*** Block opens ***
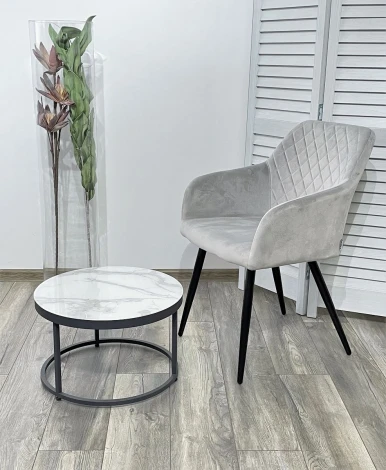 Стул M-City BRANDY BLUVEL-03 светло-серый/ черный каркас
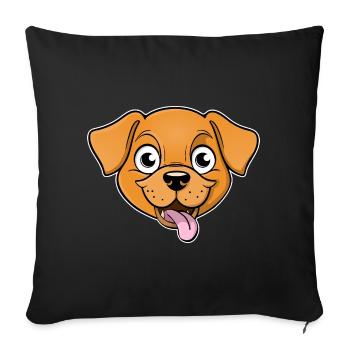Cheerful image of a dog's head - Sofa pillowcase 17,3'' x 17,3'' (45 x 45 cm) - black - Front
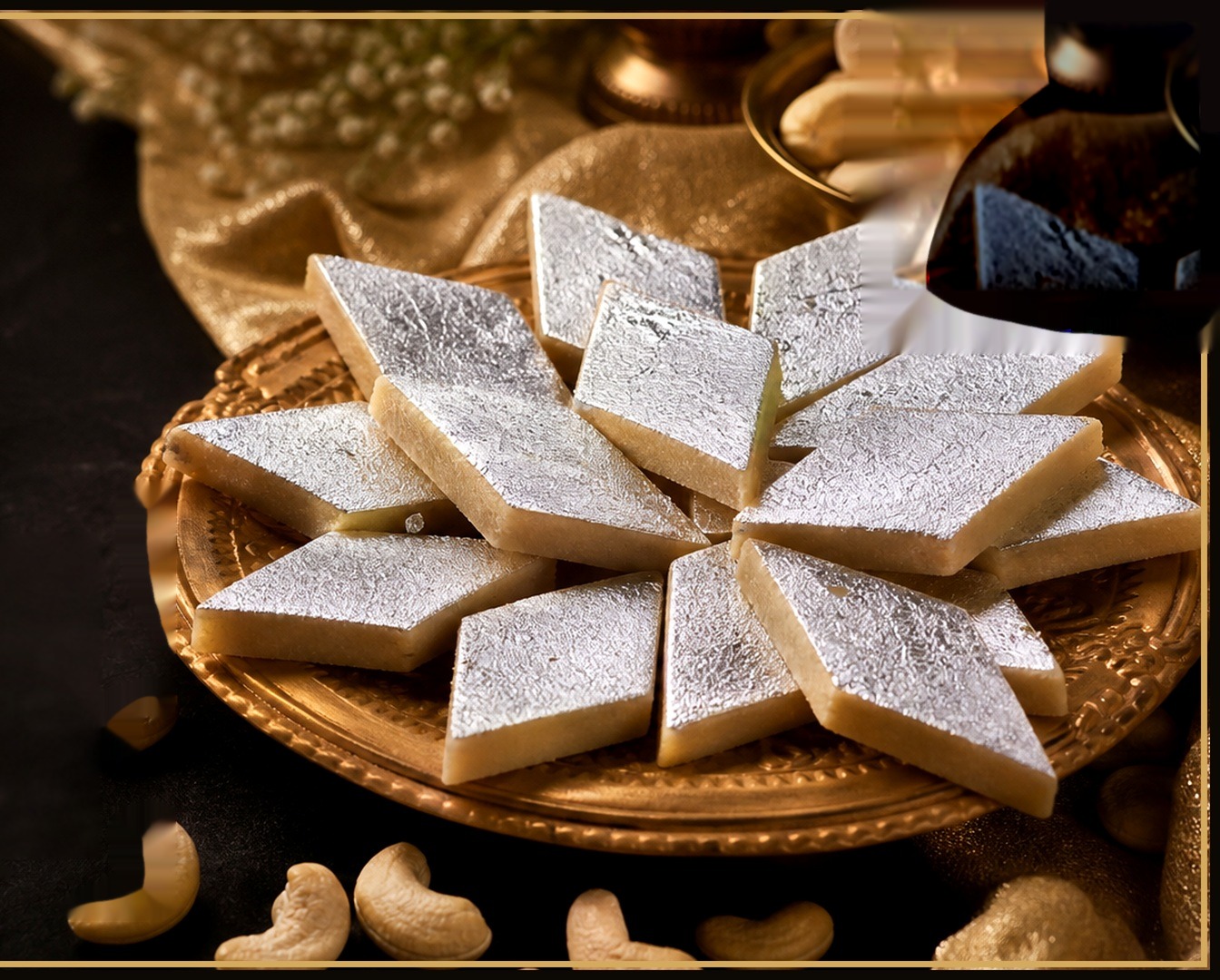 Ajwa Kaju Katli with silver leaf
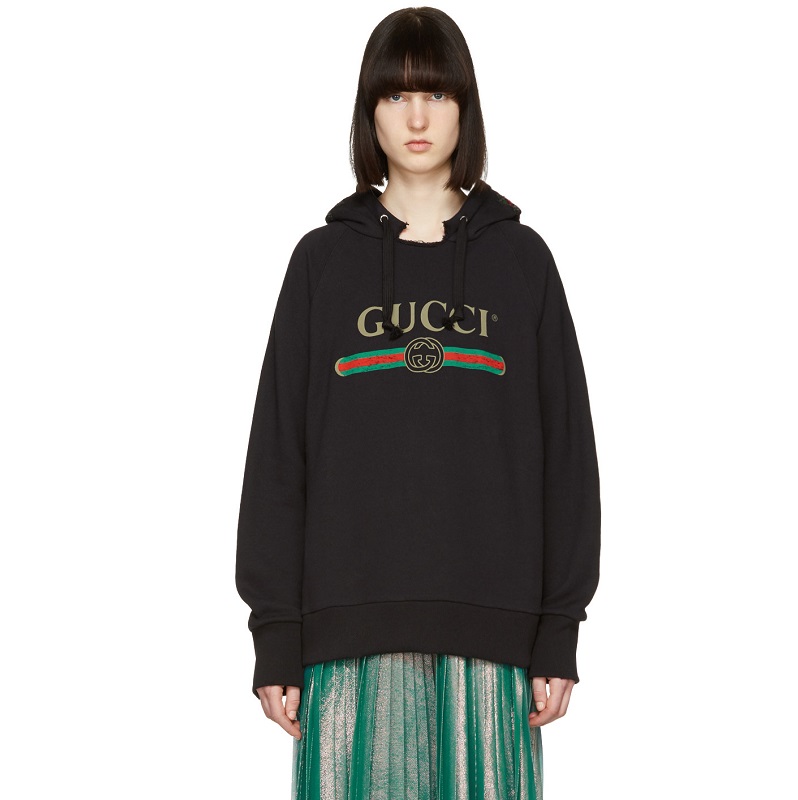【春夏新款】Gucci 黑色刺绣连帽卫衣 95（约18259元）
*** Block closes ***
If the listing above includes images, copy every line of it exactly except those images.

 Стул M-City BRANDY BLUVEL-03 светло-серый/ черный каркас
Cheerful image of a dog's head - Sofa pillowcase 17,3'' x 17,3'' (45 x 45 cm) - black - Front
 Ajwa Kaju Katli with silver leaf
【春夏新款】Gucci 黑色刺绣连帽卫衣 95（约18259元）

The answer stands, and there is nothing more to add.